Data listing –

::::

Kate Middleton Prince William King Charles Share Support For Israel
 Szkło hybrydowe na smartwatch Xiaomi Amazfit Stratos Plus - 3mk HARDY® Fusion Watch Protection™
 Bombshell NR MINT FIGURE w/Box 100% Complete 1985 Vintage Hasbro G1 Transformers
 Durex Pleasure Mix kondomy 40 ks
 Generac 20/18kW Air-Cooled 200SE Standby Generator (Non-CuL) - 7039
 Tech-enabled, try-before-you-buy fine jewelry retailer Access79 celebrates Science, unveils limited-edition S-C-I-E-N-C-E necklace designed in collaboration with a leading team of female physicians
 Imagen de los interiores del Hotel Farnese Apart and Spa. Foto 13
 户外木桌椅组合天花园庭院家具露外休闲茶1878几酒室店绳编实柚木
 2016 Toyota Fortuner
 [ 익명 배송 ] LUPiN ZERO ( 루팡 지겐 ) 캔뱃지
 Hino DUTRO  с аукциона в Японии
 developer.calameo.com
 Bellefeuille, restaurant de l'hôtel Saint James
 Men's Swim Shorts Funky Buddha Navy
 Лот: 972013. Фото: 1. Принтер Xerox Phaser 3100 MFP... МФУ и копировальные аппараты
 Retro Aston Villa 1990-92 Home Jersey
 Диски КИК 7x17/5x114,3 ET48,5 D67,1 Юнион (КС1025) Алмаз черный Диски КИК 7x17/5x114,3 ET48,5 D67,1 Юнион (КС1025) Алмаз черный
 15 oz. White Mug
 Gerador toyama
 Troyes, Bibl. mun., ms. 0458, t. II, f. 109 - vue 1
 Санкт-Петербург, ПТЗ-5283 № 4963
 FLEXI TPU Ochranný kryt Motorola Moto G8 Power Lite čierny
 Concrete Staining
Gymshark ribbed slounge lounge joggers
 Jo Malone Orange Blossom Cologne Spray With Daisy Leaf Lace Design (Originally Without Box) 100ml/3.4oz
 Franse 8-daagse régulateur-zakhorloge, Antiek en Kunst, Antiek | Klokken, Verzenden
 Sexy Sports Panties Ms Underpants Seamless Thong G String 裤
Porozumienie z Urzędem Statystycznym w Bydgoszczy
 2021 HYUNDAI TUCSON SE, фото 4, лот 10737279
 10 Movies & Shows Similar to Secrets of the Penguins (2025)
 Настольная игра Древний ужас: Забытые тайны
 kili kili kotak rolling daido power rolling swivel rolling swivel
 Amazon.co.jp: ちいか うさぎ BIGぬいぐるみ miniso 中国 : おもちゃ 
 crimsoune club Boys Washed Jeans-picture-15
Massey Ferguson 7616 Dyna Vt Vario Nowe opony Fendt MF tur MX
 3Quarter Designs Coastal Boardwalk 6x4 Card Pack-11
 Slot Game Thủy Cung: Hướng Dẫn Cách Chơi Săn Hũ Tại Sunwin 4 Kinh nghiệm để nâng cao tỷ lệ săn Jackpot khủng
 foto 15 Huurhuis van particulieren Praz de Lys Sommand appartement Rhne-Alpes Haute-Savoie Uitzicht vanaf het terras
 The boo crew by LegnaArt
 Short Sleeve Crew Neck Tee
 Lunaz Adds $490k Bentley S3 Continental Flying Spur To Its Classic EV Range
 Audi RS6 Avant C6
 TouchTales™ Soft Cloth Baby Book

::::

Task description –
Given the data above, transcribe exactly the lines from the one containing "Bombshell NR MINT" down to the one containing "Санкт-Петербург, ПТЗ-5283 № 4963", and no others.

Exercise result –
 Bombshell NR MINT FIGURE w/Box 100% Complete 1985 Vintage Hasbro G1 Transformers
 Durex Pleasure Mix kondomy 40 ks
 Generac 20/18kW Air-Cooled 200SE Standby Generator (Non-CuL) - 7039
 Tech-enabled, try-before-you-buy fine jewelry retailer Access79 celebrates Science, unveils limited-edition S-C-I-E-N-C-E necklace designed in collaboration with a leading team of female physicians
 Imagen de los interiores del Hotel Farnese Apart and Spa. Foto 13
 户外木桌椅组合天花园庭院家具露外休闲茶1878几酒室店绳编实柚木
 2016 Toyota Fortuner
 [ 익명 배송 ] LUPiN ZERO ( 루팡 지겐 ) 캔뱃지
 Hino DUTRO  с аукциона в Японии
 developer.calameo.com
 Bellefeuille, restaurant de l'hôtel Saint James
 Men's Swim Shorts Funky Buddha Navy
 Лот: 972013. Фото: 1. Принтер Xerox Phaser 3100 MFP... МФУ и копировальные аппараты
 Retro Aston Villa 1990-92 Home Jersey
 Диски КИК 7x17/5x114,3 ET48,5 D67,1 Юнион (КС1025) Алмаз черный Диски КИК 7x17/5x114,3 ET48,5 D67,1 Юнион (КС1025) Алмаз черный
 15 oz. White Mug
 Gerador toyama
 Troyes, Bibl. mun., ms. 0458, t. II, f. 109 - vue 1
 Санкт-Петербург, ПТЗ-5283 № 4963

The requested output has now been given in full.